Below is a media release from the Medical Journal of Australia, which is a publication of the Australian Medical Association. The statements or opinions that are expressed in the MJA reflect the views of the authors and do not represent the official policy of the AMA or the MJA unless that is so stated.
Physicians and regulators face significant challenges keeping pace with the public’s demand for access to medical cannabis, including limited evidence of safety and efficacy, according to the authors of two articles published today by the Medical Journal of Australia.
Writing on behalf of the Royal Australasian College of Physicians (RACP), Clinical Associate Professor Adrian Reynolds, Professor Jennifer Martin and Associate Professor Yvonne Bonomo wrote in their Perspective that “Australians’ acceptance of cannabis is higher than it has been for generations, for medicinal as well as recreational use.
“The pace and scale of the introduction of medicinal cannabis are unprecedented and have raised challenges for health professionals, not so much because of its known addictive and psychoactive properties, but because its introduction has not followed the usual research-based safety and effectiveness processes.
“While the RACP understands the community’s interest of cannabinoids as a therapeutic product, it emphasises that the usual regulatory processes designed to protect patients from serious harms are incomplete for medicinal cannabinoids, and that evidence of their effectiveness for many medical conditions is at present limited.”
In Australia, the Therapeutic Goods Administration’s (TGA) Special Access Scheme (SAS) provides patient access to cannabis on compassionate grounds without the usual quality and safety data requirements.
The medicinal cannabis product cannabidiol is a promising but as yet sparsely researched treatment for paediatric epilepsy.

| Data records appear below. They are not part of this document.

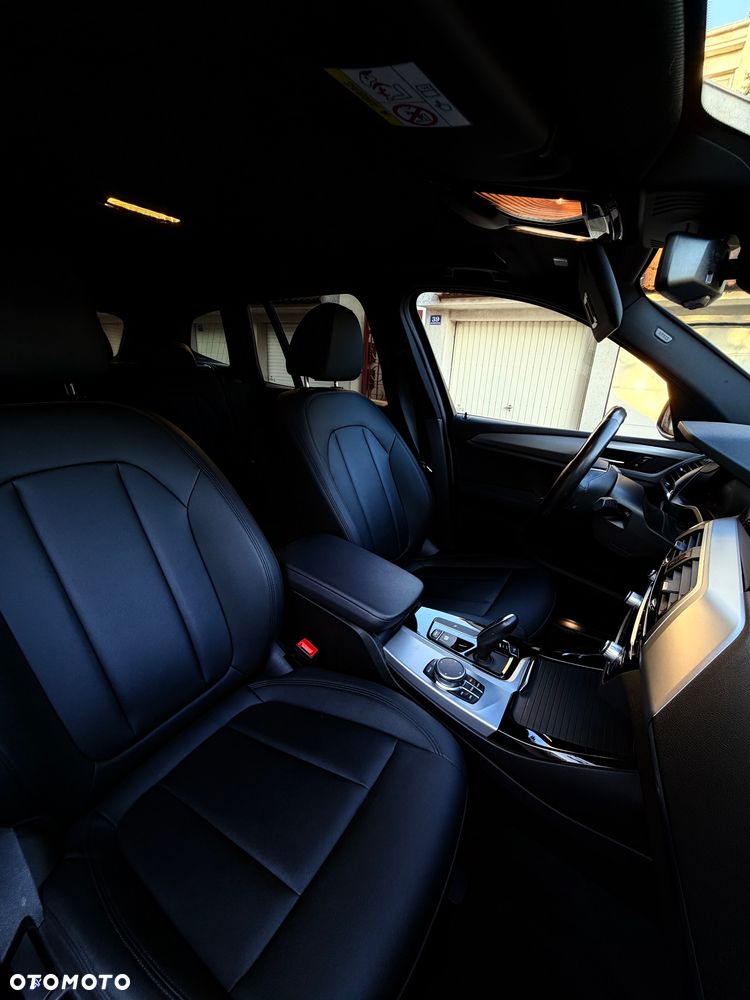 BMW X3 sDrive18d - 7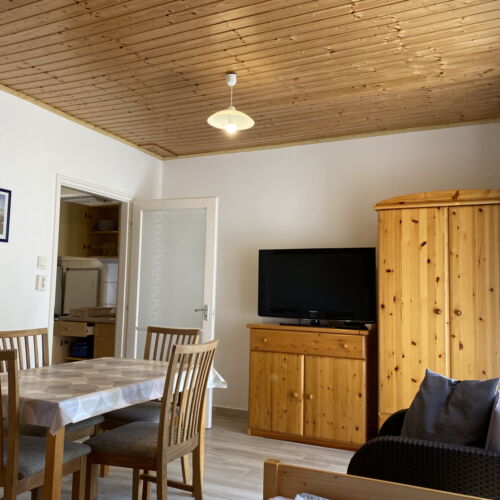 Apartament 4-osobowy z balkonem z klimatyzacją z 2 pomieszczeniami sypialnianymi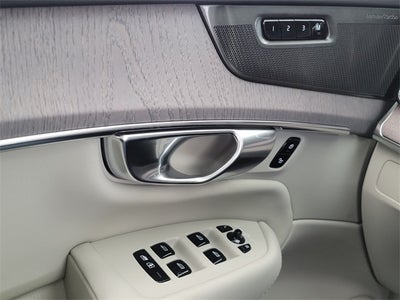 2026 Volvo XC90 B6 Ultra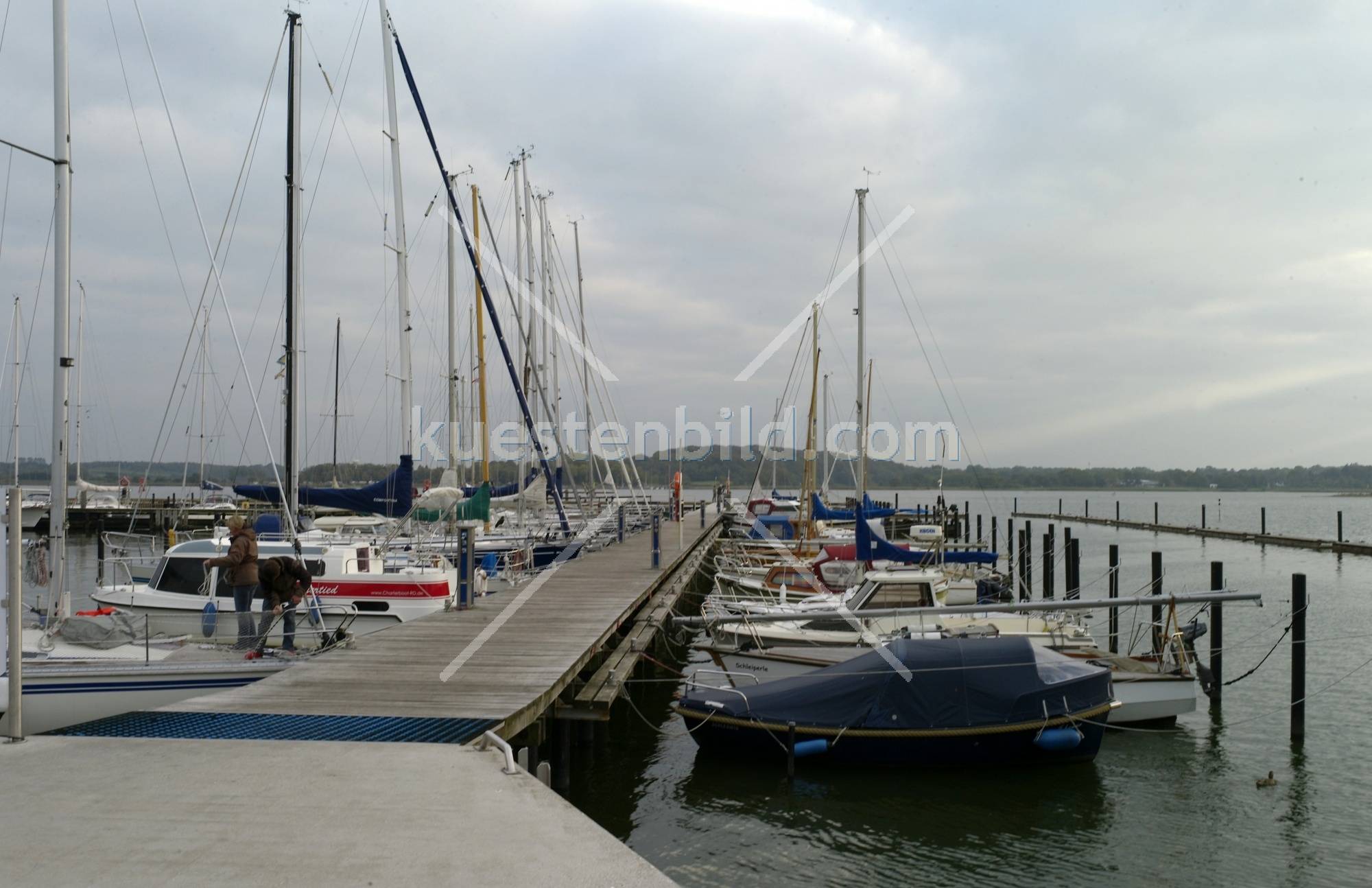 Bootssteg im Yachthafen Schleswig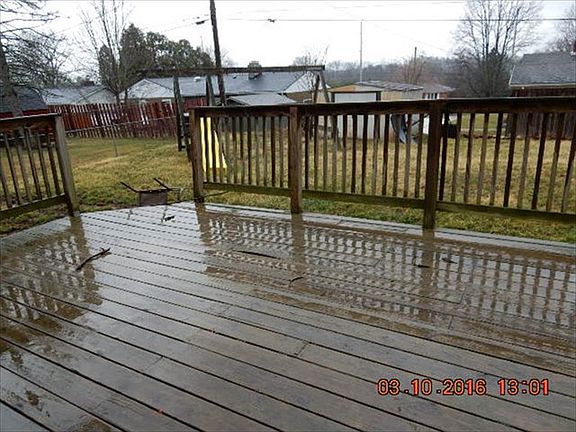 3rd image of 19 Eastgate Dr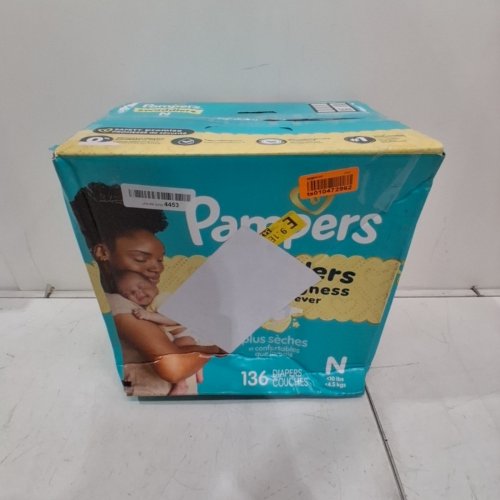 40PK PAMPERS SWADDLERS DIAPERS - NEWBORN SIZE image 4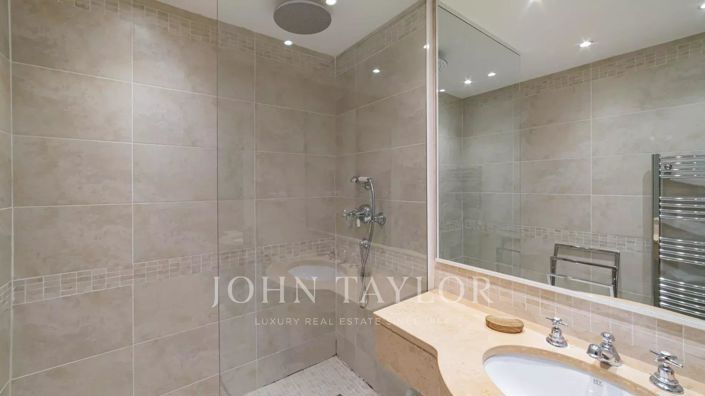 Image No.9-4 Bed Apartment for sale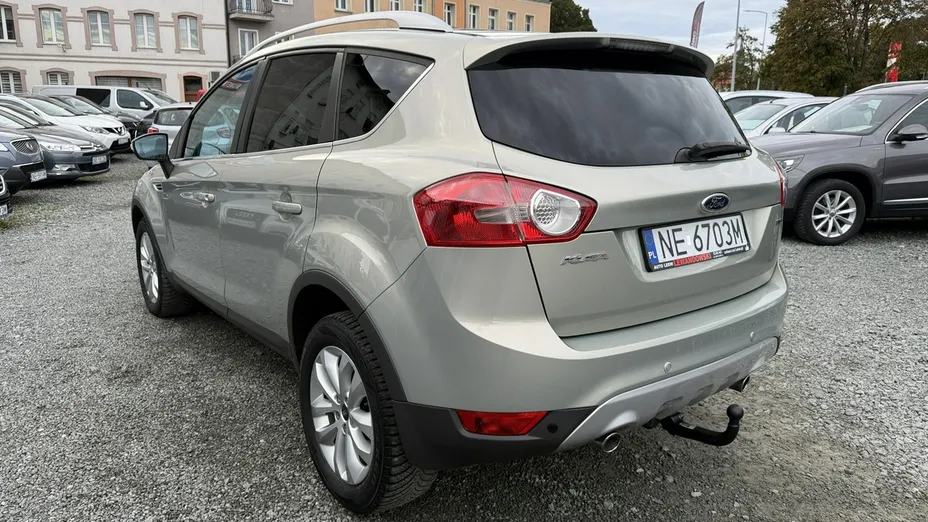 FORD Kuga -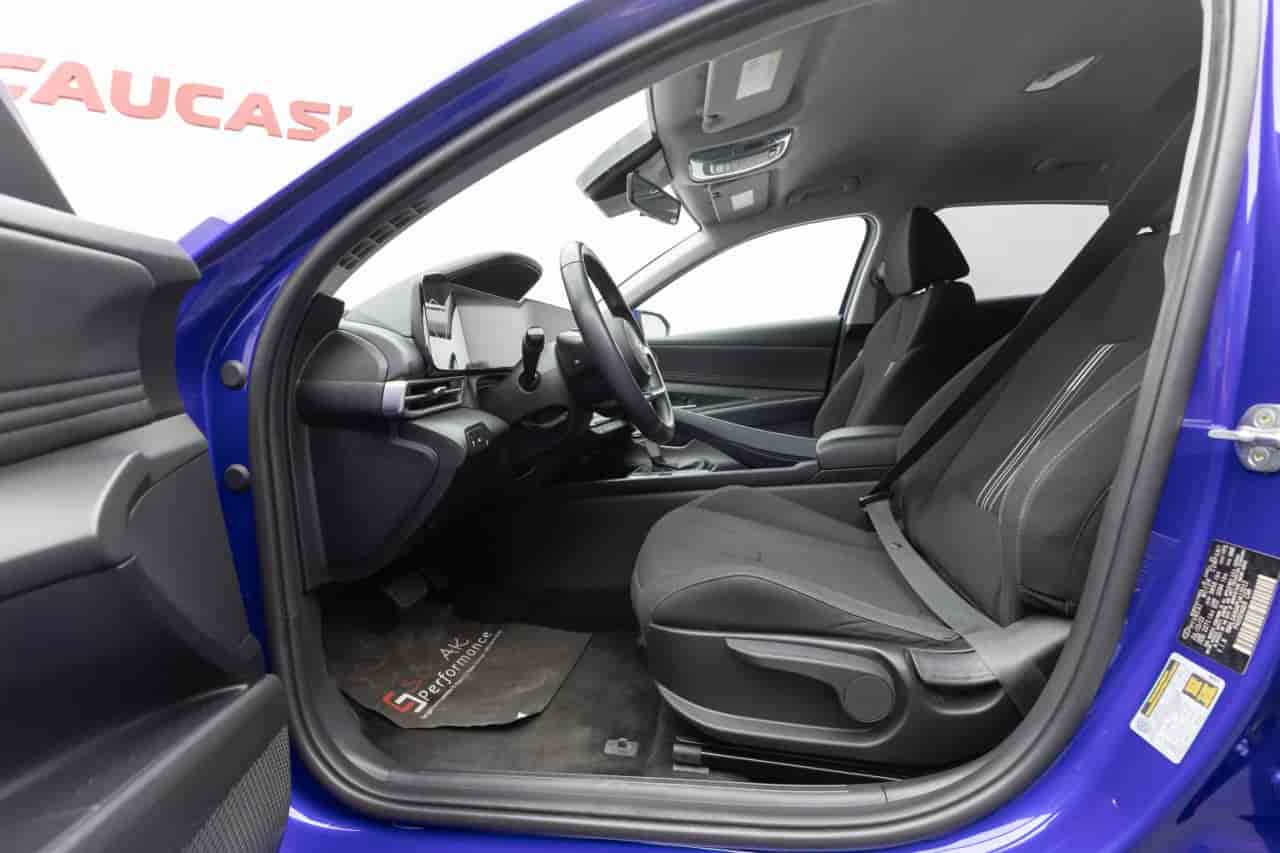 HYUNDAI Elantra - 10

In their narrative review, Dr John Lawson, a paediatric neurologist and conjoint senior lecturer at the University of New South Wales, and colleagues at Sydney Children’s Hospital, Randwick wrote that the SAS “requires a case-by-case application to the TGA for approval, including clinical patient information, the proposed product and supplier”.
“To become an Authorised Prescriber, after local ethics committee approval, a medical practitioner must apply to the TGA to allow them to prescribe a specific medicine for patients with a specific indication, without subsequent approval required for individual patients,” they wrote.
“The prescribing medical practitioner has several responsibilities, including providing informed consent and a treatment plan and monitoring, and complying with reporting requirements including reporting any adverse event to the TGA. Once SAS or APS approval has been granted, the prescriber must arrange for the provision of the product with the supplier and local pharmacy and provides the patient with a prescription.”
In the case of paediatric epilepsy, “this means that general practitioners or paediatricians can only successfully apply via the SAS scheme with supporting documentation from a paediatric neurologist.”
Reynolds and colleagues emphasised that there needed to be a balance between compassion and careful assessment for patients for whom cannabis products might be beneficial.
“It is too early to form conclusions, and there are risks associated with liberalising access in the absence of standard regulatory requirements demonstrating quality, safety and efficacy,” they wrote. “Supporting patients to take an active part in their care requires us to provide them with evidence-based information about the treatment options available.”